**Working data**.
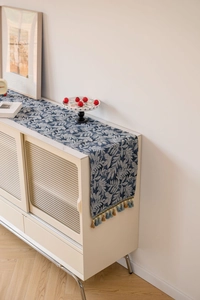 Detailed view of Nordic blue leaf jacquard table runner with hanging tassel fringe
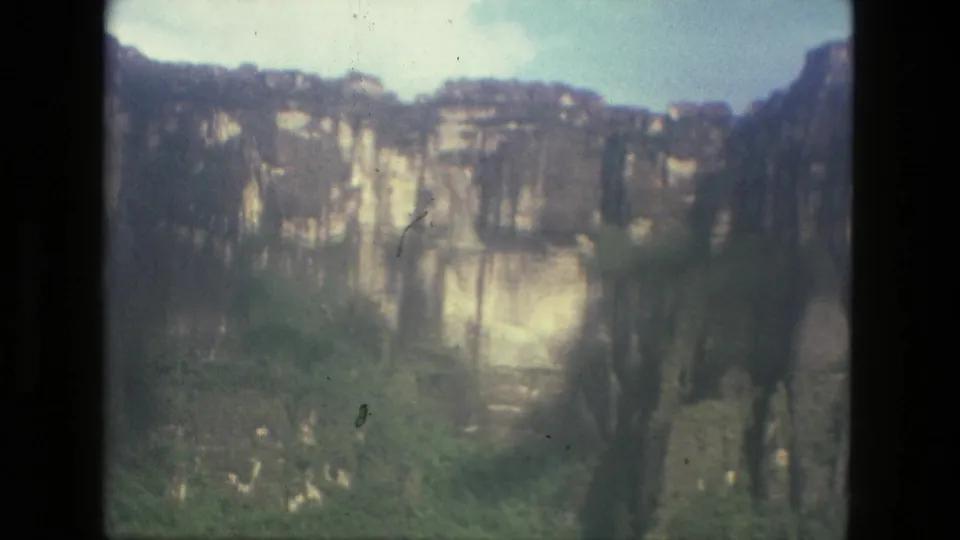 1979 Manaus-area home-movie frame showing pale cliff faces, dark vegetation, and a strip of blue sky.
...
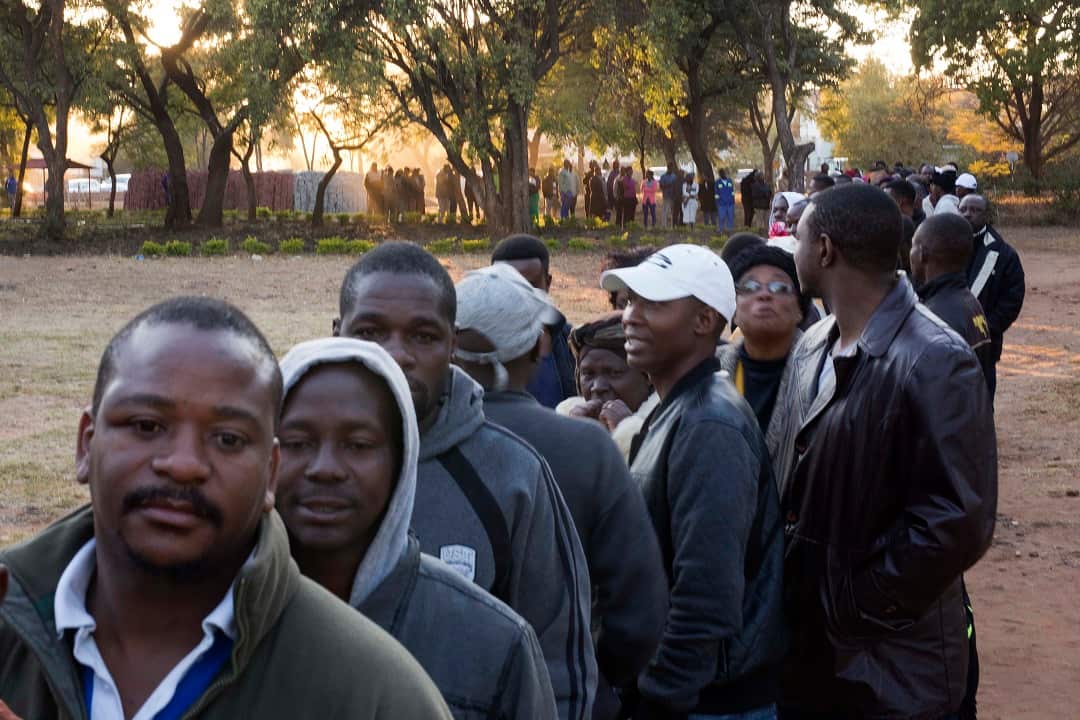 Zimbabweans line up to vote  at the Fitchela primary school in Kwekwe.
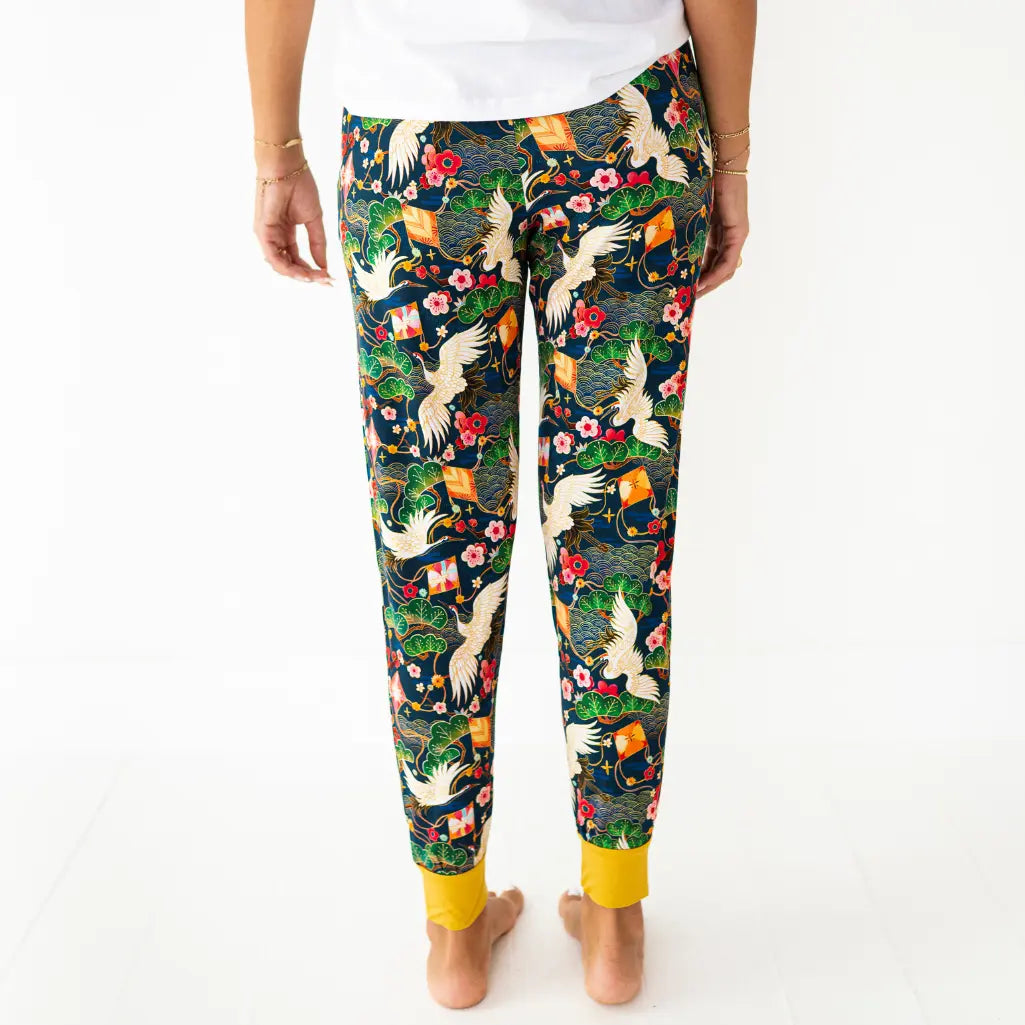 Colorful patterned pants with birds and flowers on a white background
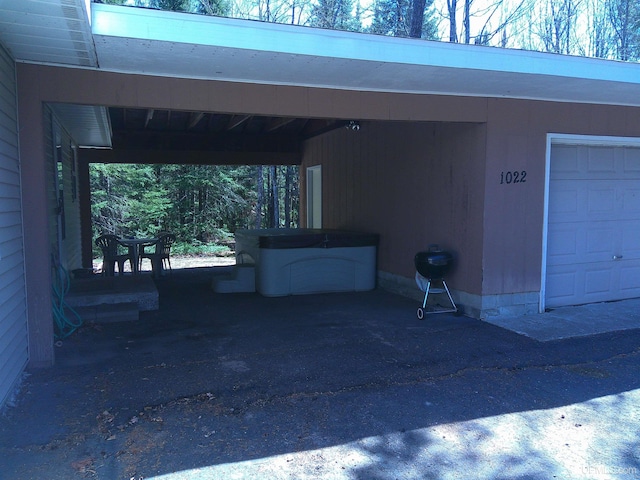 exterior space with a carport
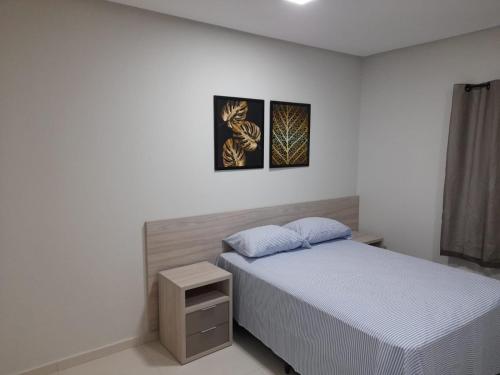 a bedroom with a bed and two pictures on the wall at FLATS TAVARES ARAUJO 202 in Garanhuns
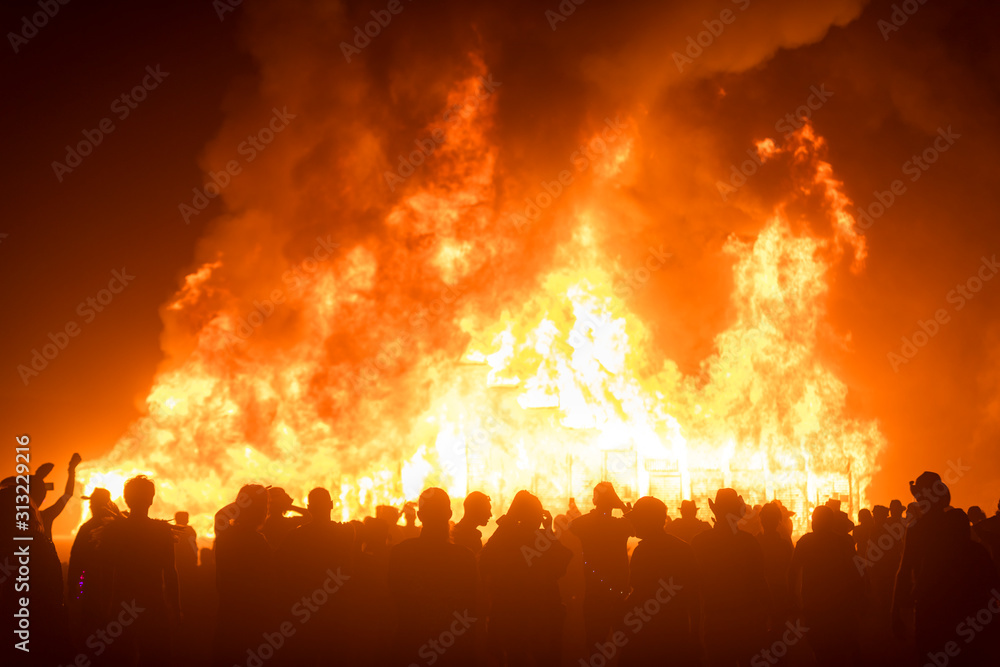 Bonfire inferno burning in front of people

**Work instructions**.
Keep to the stretch from the line containing "a bedroom with" through the line containing "Bonfire inferno burning in front of people", both ends included, and copy it exactly from the listing above, minus the pictures.

**Solution to this problem**.
 a bedroom with a bed and two pictures on the wall at FLATS TAVARES ARAUJO 202 in Garanhuns
 Bonfire inferno burning in front of people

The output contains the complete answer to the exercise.